Le bleu de méthylène peut-il vraiment booster votre cerveau ?

Vous avez récemment aperçu quelqu’un avec la langue bleue ? Cette tache pourrait en vérité être un effet secondaire d’une nouvelle tendance en matière de santé.
Les passionnés du biohacking ont recours à une substance appelée bleu de méthylène, qu’ils prennent chaque jour, comme un complément alimentaire, avant de partager des vidéos donnant à voir leur langue tachée sur TikTok. Les utilisateurs affirment que le composé hautement coloré, originellement utilisé comme colorant pour tissu avant que l’on s’en serve dans l’industrie médicale, peut améliorer les fonctions cognitives, booster l’énergie et l’humeur, et pourrait prévenir la maladie d’Alzheimer.

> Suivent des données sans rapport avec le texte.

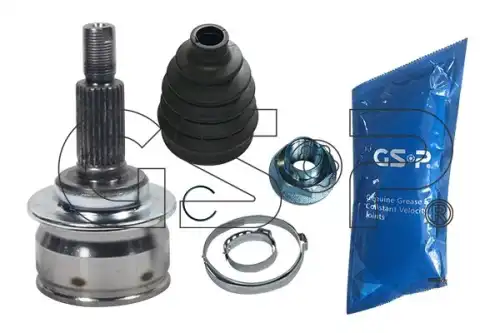 Шрус GSP 844085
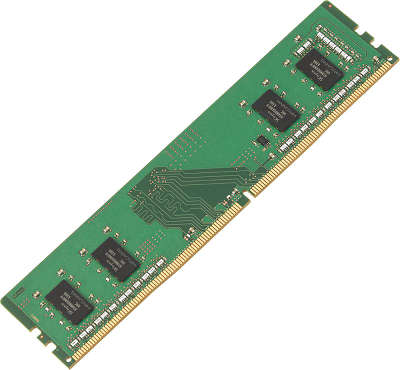 Модуль памяти DDR4 DIMM 4096Mb DDR2400 Hynix Original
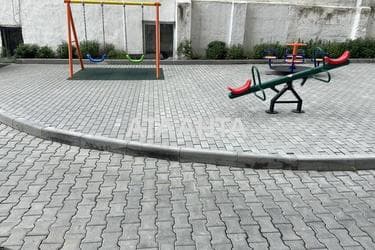 1-кімнатна квартира за адресою вул. Бугаївська (площа 37,9 м²) - Atlanta.ua - фото 35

QU’EST-CE QUE LE BLEU DE MÉTHYLÈNE ?
L’histoire du bleu de méthylène remonte à la fin du 19e siècle, quand il était synthétisé en tant que colorant textile.
Ce colorant bleu très en vogue sur les réseaux sociaux aujourd’hui a été inventé en 1876 par le chimiste allemand Heinrich Caro. Alors qu’il cherchait de nouveaux colorants pour coton dérivés de l’industrie du charbon, l’une de ses expériences a créé, par accident, un composé bleu vif.
La structure chimique du bleu de méthylène lui donne sa couleur bleue si particulière. « Il absorbe les photons de certaines longueurs d’ondes et les photons bleus sont les seuls à être réfléchis plutôt qu’absorbés par la molécule », explique Roger Rothenberg, titulaire d’un doctorat, et professeur assistant de médecine clinique au sein de la faculté de médecine Katz School de l’université Temple. En d’autres termes, il absorbe toutes les couleurs du spectre de la lumière, à l’exception du bleu, qu’il renvoie, d’où sa couleur.
Dix ans après cette invention fortuite, un autre scientifique allemand, Paul Ehrlich, a découvert au cours d’une expérience que le composé organique rendait les cellules parasites bleues quand on les observait au microscope. On a donc commencé à l'utiliser en tant que colorant histologique, et l'une de ses utilisations les plus connues est d’identifier les cellules de la malaria. Il a plus tard été administré en Allemagne, en France et au Royaume-Uni pour traiter la maladie.
« Il était efficace pour soigner la malaria, explique Roger Rothenberg, mais pas autant que le traitement standard de la malaria à l’époque, [la quinine], alors il est tombé en désuétude. »
POURQUOI UTILISE-T-ON LE BLEU DE MÉTHYLÈNE ?
De nos jours, le bleu de méthylène est le seul traitement approuvé pour traiter la méthémoglobinémie.
Chez un patient atteint de méthémoglobinémie, les globules rouges ne peuvent plus correctement acheminer l’oxygène aux mitochondries, où il est nécessaire pour la production d’énergie. Il est donc commun de retrouver parmi les symptômes de la fatigue, des vertiges, des maux de tête et des difficultés à respirer. Dans certains cas graves, le pronostic vital peut être engagé.
Le bleu de méthylène est également utilisé lors des opérations ou certains procédures diagnostiques comme marqueur. Les médecins utilisent le composé pour aider à visualiser l’appareil urinaire ou les ganglions lymphatiques dans le cadre du cancer colorectal.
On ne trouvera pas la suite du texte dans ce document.